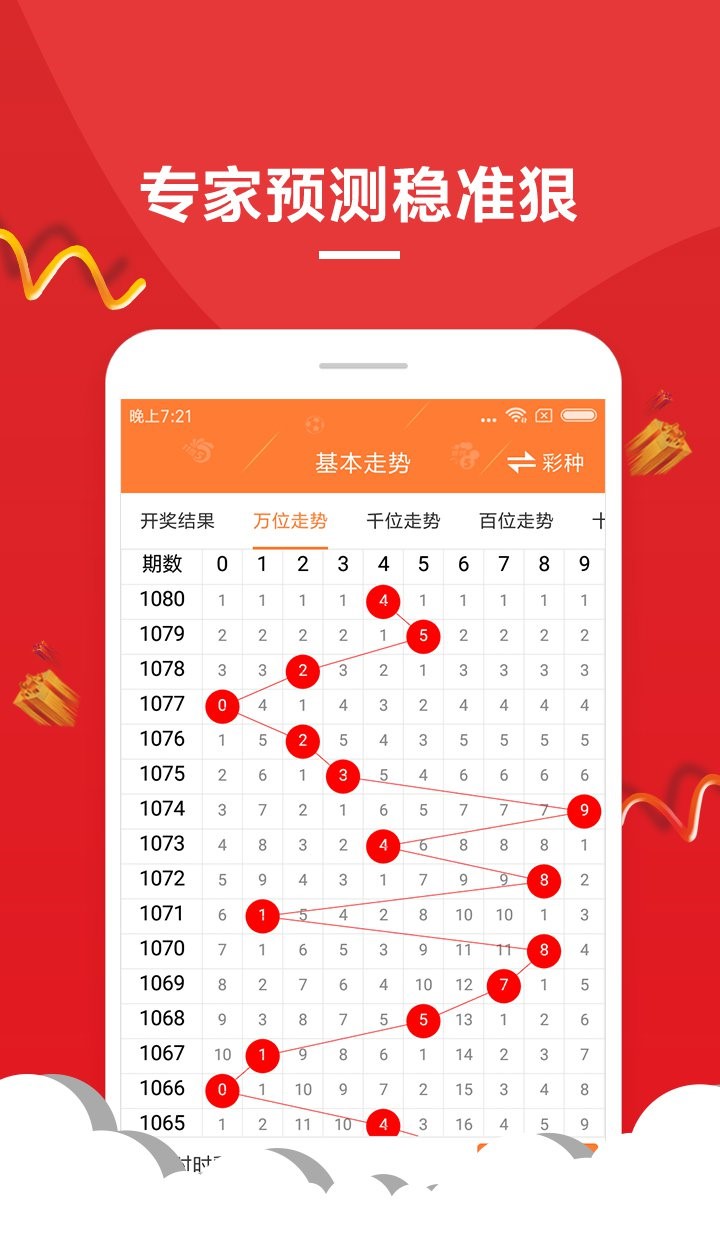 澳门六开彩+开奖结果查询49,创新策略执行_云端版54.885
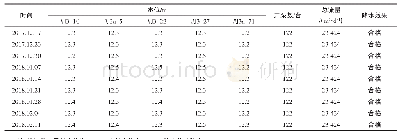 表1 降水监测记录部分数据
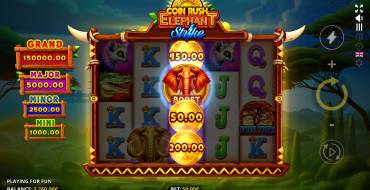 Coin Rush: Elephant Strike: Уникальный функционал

---

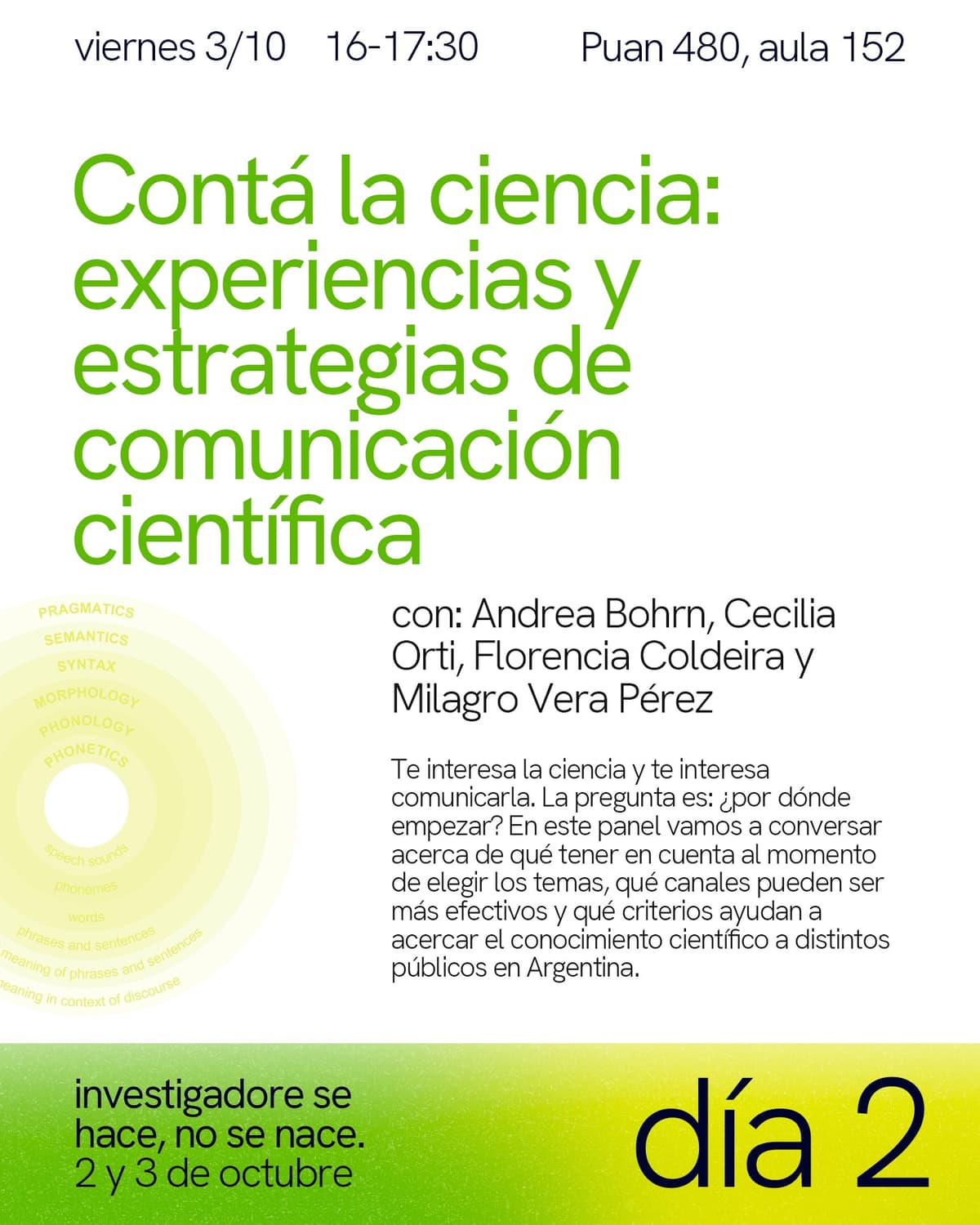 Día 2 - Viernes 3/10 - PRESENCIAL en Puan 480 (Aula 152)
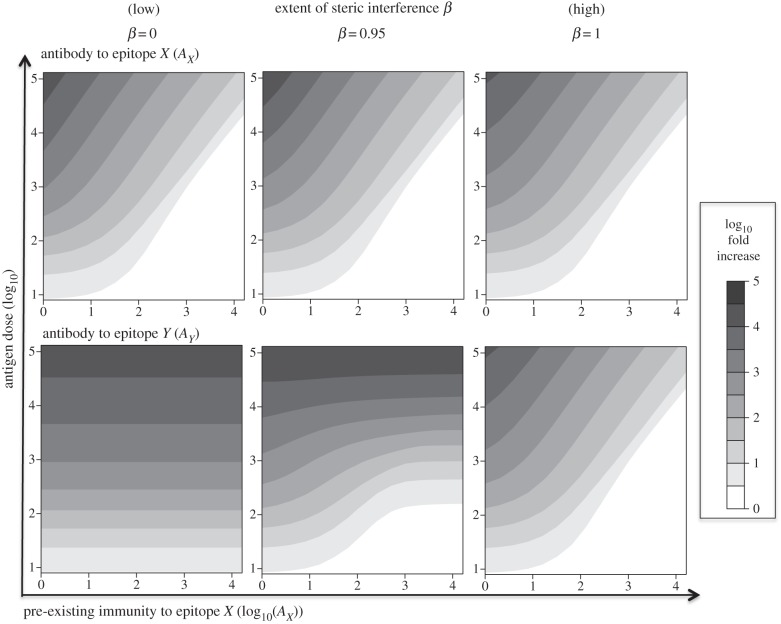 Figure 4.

Exercise details
Print from the line containing "表1 降水监测记录部分数据" through the line containing "Coin Rush: Elephant" in the data above, exactly as the lines stand, and omit every picture.

Solution
 表1 降水监测记录部分数据
 Coin Rush: Elephant Strike: Уникальный функционал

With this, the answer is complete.